Se hoje muita gente se auto-alcunha "o melhor do mundo" em algo, imagine naquela época em que o mundo, para a sociedade ocidental, não era maior que a Europa, o norte da África e partes do Oriente Médio. Ser o melhor do mundo era muito mais fácil, não? Pois bem, um rei francês magnânimo e autoritário, Filipe Augusto (Filipe II), da França, um bom apreciador de vinhos, do alto de seu trono resolveu, então, que queria fazer uma grande degustação para decidir qual era o melhor vinho branco do mundo.
Para os incrédulos, esse fato aconteceu mesmo (por volta de 1220) e está documentado, como era praxe na época, em um longo poema de 204 versos de Henry d'Andeli, um dos escritores preferidos do rei, conhecido como "A batalha dos vinhos". O texto diz que Filipe Augusto enviou seus mensageiros procurarem os melhores vinhos que poderiam encontrar no mundo todo. Pela descrição que há no poema, eles voltaram com mais de 70 amostras desde regiões clássicas franceses como Chablis, Beaune, Sancerre, Saint-Émilion, Alsácia e Provença, até lugares mais distantes como Espanha, Milão, Chipre, por exemplo.
Vinho excomungado?
Com a ajuda de um padre inglês, Filipe Augusto definiu qual o "melhor vinho do mundo"
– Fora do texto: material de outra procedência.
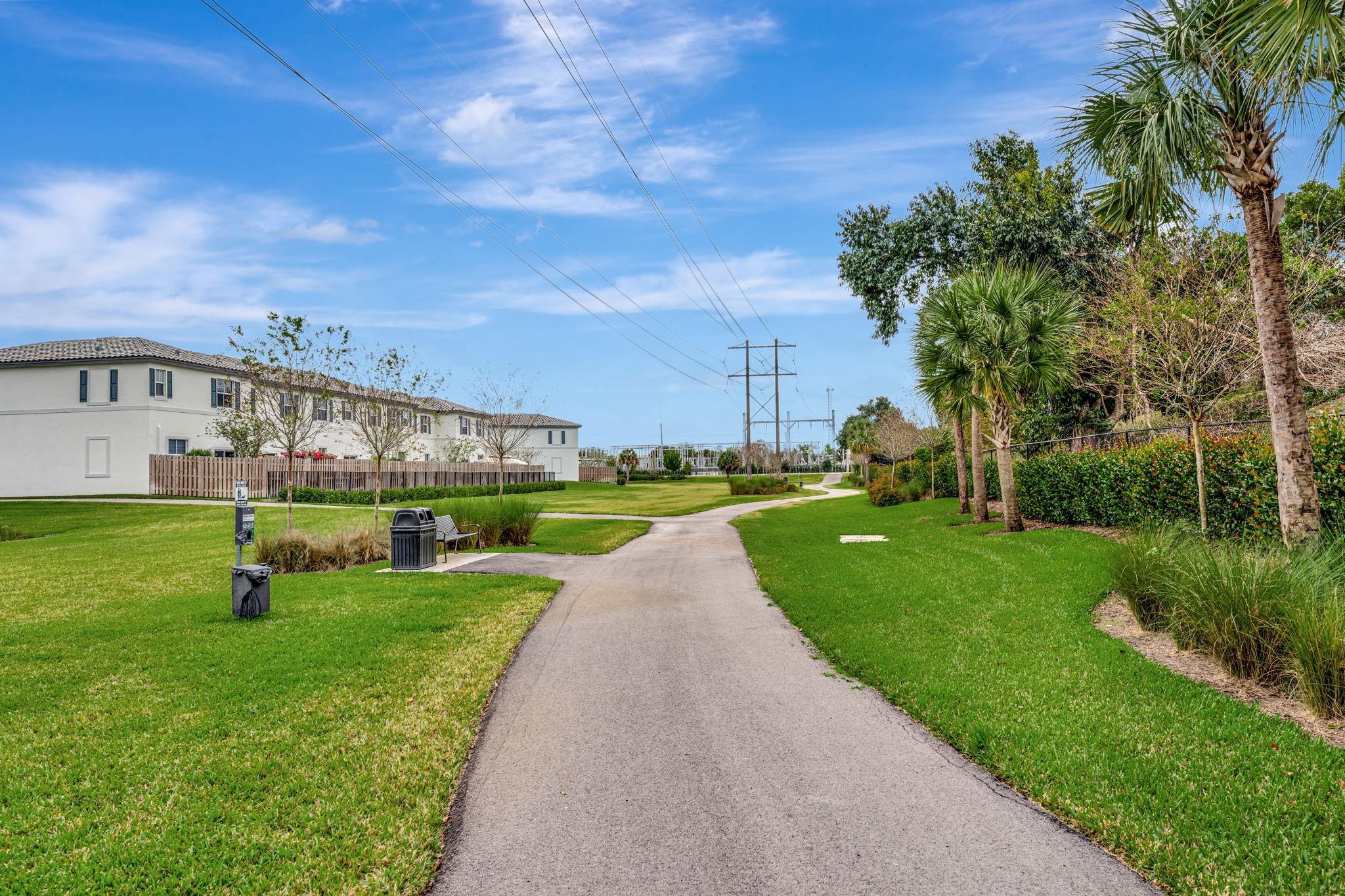 4668 NW 120th Way Coral Springs, FL 33076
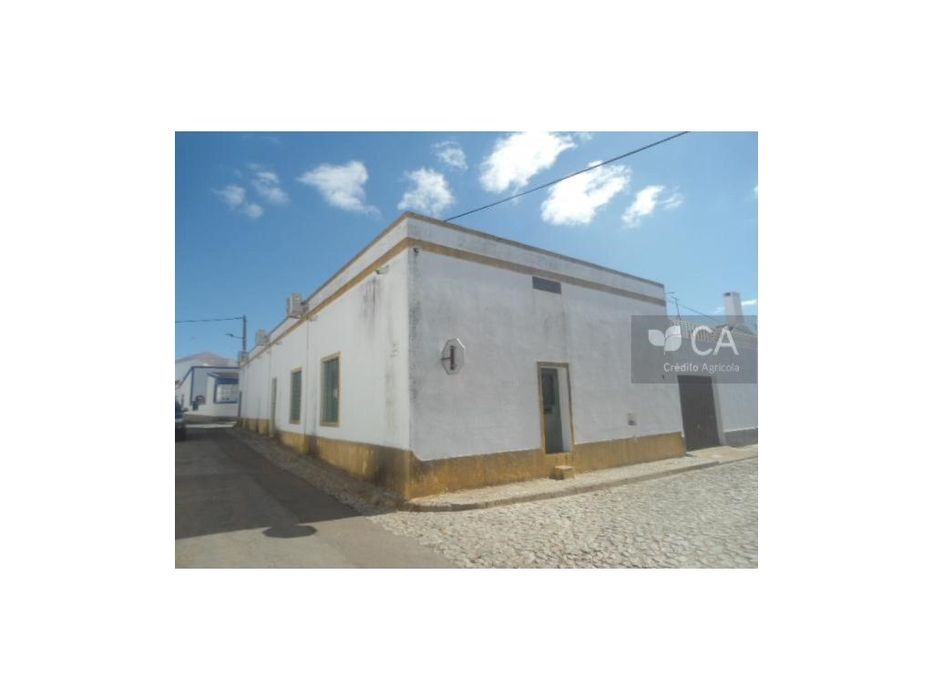 Espaço Comercial — Montoito, Évora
Era Idade Média, então, quem poderia ser um jurado imparcial? Um padre obviamente, um homem da igreja. E, como naquela época partes importantes da França (incluindo Bordeaux) eram de domínio da Inglaterra, escolheram um religioso inglês. Durante a prova, ao invés de notas como estamos acostumados hoje em dia, o padre, bem ao estilo da Santa Madre Igreja - especialmente no período da Inquisição -, celebrava os vinhos bons e excomungava os ruins. Já imaginou um vinho excomungado? O coitado nunca mais entrará no Reino dos Céus...
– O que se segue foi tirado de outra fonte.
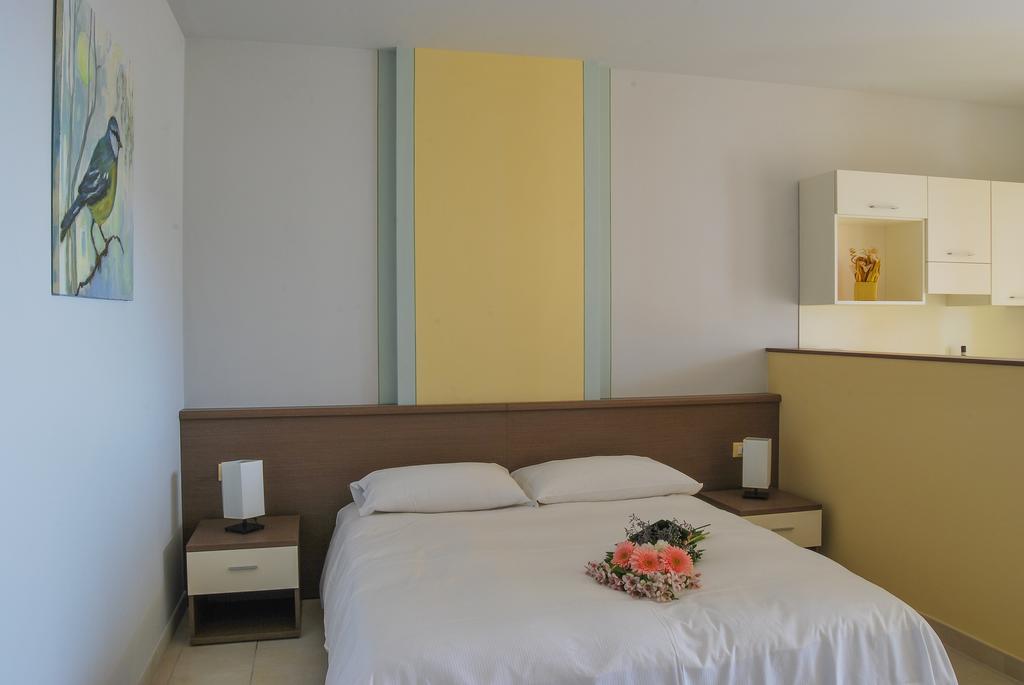 Residence Usignolo Trarego Habitación foto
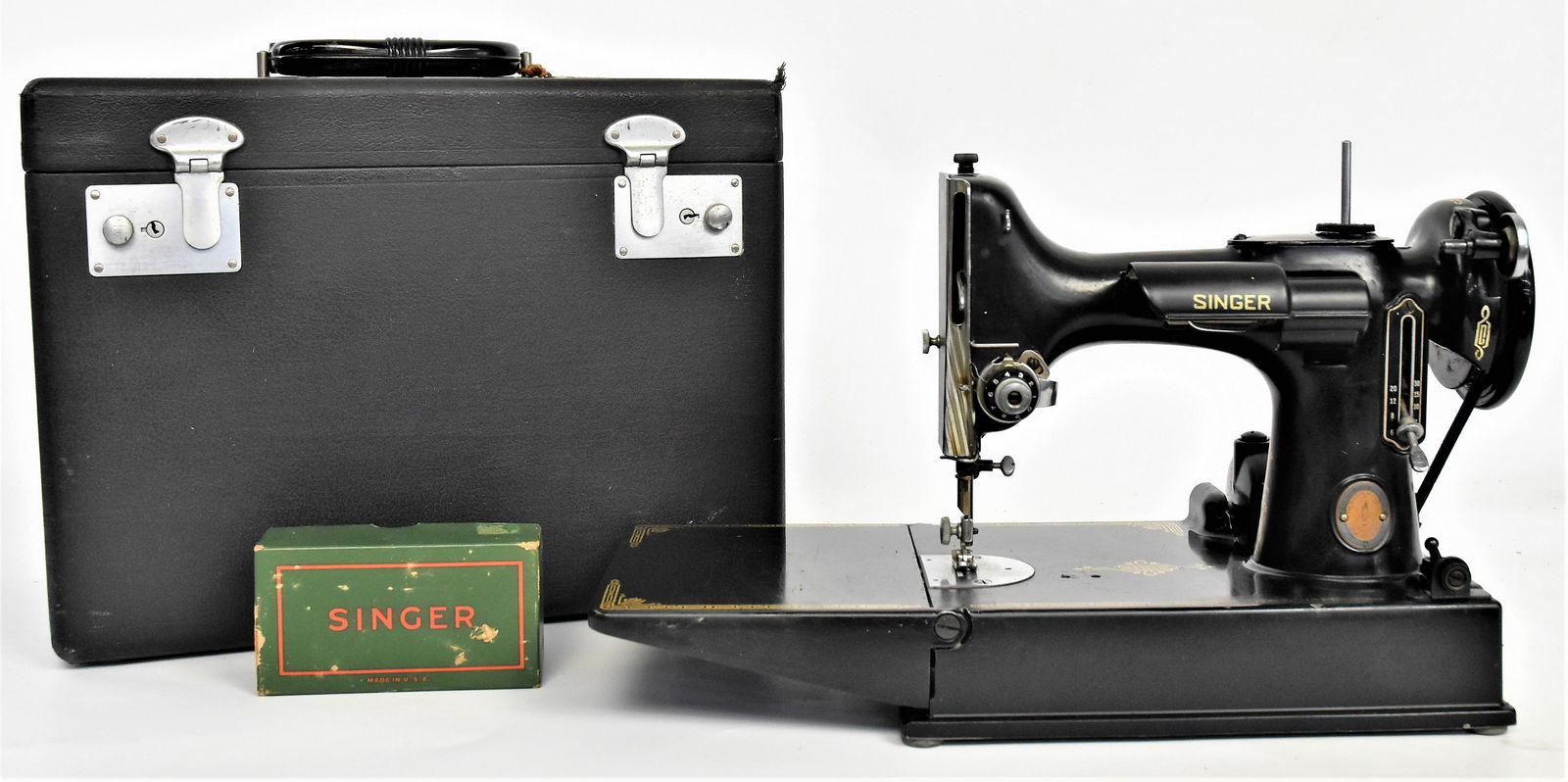 Singer Cased Featherweight Sewing Machine (1 of 10)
Durante os mais de 200 versos octossílabos, a narrativa poética vai enumerando os vinhos e dizendo suas qualidades e defeitos. Por fim, após alguns debates entre os próprios vinhos (especialmente as bebidas excomungadas ganharam voz no poema para se defender - talvez o autor tenha bebido um pouco antes de escrever...), o rei decretou quais eram os melhores:
"Le roi couronna les bons vins A chacun il donna un titre Du vin de Chypre il fi t un pape Qui resplendit comme une étoile. Il fi t Cardinal et légat Le si gentil vin d'Aquilat. Je fi t trois rois et puis trois comtes Et tant il allongea son compte Qu'il fi t douze pairs de France Qui du roi ont la confiance"
(O rei coroa os bons vinhos e a cada um deles concede um título. Do vinho de Chipre, ele fez um papa que resplandece como uma estrela. Ele fez Cardeal o bom vinho de Aquilat. Eles concedeu três reis e três condes e ainda estendeu essa conta para doze pares de vinhos da França que tinham a confiança do rei)
Como se vê, ganhou o vinho de Chipre. Alguns "historiadores" acreditam que era o vinho doce conhecido como Commandaria, hoje uma DOC da ilha mediterrânea. Alega-se que este é o mais antigo vinho do mundo sendo produzido até hoje, pois ele data de cerca de 800 a.C.. Reza a lenda (outra) que o cavaleiros templários, que dominaram a ilha durante as Cruzadas, produziam este vinho em grande quantidade para abastecer as cortes europeias e também os peregrinos da Terra Santa. Certamente era um vinho divino.